Such instructions, when stored in storage media accessible to
processor 304, render computer system 300 into a special-purpose
machine that is customized to perform the operations specified in
the instructions.
[0062] Computer system 300 further includes a read only memory
(ROM) 308 or other static storage device coupled to bus 302 for
storing static information and instructions for processor 304. A
storage device 310, such as a magnetic disk or optical disk, is
provided and coupled to bus 302 for storing information and
instructions.
[0063] Computer system 300 may be coupled via bus 302 to a display
312, such as a cathode ray tube (CRT), for displaying information
to a computer user.
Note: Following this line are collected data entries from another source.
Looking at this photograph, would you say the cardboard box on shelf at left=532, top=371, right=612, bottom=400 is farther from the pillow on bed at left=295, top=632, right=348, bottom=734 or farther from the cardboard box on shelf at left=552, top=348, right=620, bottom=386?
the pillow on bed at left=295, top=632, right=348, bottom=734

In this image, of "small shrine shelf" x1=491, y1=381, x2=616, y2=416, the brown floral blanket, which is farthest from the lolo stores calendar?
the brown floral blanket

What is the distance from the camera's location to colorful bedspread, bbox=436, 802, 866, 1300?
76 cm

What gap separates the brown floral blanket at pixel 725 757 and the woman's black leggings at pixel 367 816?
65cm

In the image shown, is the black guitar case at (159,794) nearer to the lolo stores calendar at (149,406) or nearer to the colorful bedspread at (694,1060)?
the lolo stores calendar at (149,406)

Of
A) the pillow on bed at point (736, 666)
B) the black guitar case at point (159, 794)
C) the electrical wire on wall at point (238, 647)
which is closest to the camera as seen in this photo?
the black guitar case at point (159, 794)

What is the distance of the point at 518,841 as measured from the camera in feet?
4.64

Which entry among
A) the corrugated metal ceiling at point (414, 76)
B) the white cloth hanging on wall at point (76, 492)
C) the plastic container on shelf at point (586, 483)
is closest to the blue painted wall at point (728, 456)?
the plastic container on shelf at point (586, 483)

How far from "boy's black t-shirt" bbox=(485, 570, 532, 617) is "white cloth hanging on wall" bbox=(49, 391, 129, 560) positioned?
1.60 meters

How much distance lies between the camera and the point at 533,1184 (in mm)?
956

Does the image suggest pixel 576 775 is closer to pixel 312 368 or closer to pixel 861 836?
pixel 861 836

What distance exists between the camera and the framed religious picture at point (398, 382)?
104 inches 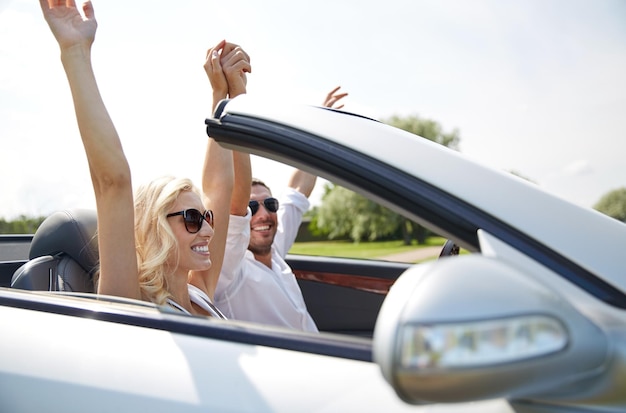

An input device 314, including alphanumeric and
other keys, is coupled to bus 302 for communicating information and
command selections to processor 304. Another type of user input
device is cursor control 316, such as a mouse, a trackball, or
cursor direction keys for communicating direction information and
command selections to processor 304 and for controlling cursor
movement on display 312. This input device typically has two
degrees of freedom in two axes, a first axis (e.g., x) and a second
axis (e.g., y), that allows the device to specify positions in a
plane.
[0064] Computer system 300 may implement the techniques described
herein using customized hard-wired logic, one or more ASICs or
FPGAs, firmware and/or program logic which in combination with the
computer system causes or programs computer system 300 to be a
special-purpose machine. According to one embodiment, the
techniques herein are performed by computer system 300 in response
to processor 304 executing one or more sequences of one or more
instructions contained in main memory 306. Such instructions may be
read into main memory 306 from another storage medium, such as
storage device 310. Execution of the sequences of instructions
contained in main memory 306 causes processor 304 to perform the
process steps described herein. In alternative embodiments,
hard-wired circuitry may be used in place of or in combination with
software instructions.
[0065] The term "storage media" as used herein refers to any media
that store data and/or instructions that cause a machine to
operation in a specific fashion. Such storage media may comprise
non-volatile media and/or volatile media. Non-volatile media
includes, for example, optical or magnetic disks, such as storage
device 310. Volatile media includes dynamic memory, such as main
memory 306. Common forms of storage media include, for example, a
floppy disk, a flexible disk, hard disk, solid state drive,
magnetic tape, or any other magnetic data storage medium, a CD-ROM,
any other optical data storage medium, any physical medium with
patterns of holes, a RAM, a PROM, and EPROM, a FLASH-EPROM, NVRAM,
any other memory chip or cartridge.
[0066] Storage media is distinct from but may be used in
conjunction with transmission media. Transmission media
participates in transferring information between storage media. For
example, transmission media includes coaxial cables, copper wire
and fiber optics, including the wires that comprise bus 302.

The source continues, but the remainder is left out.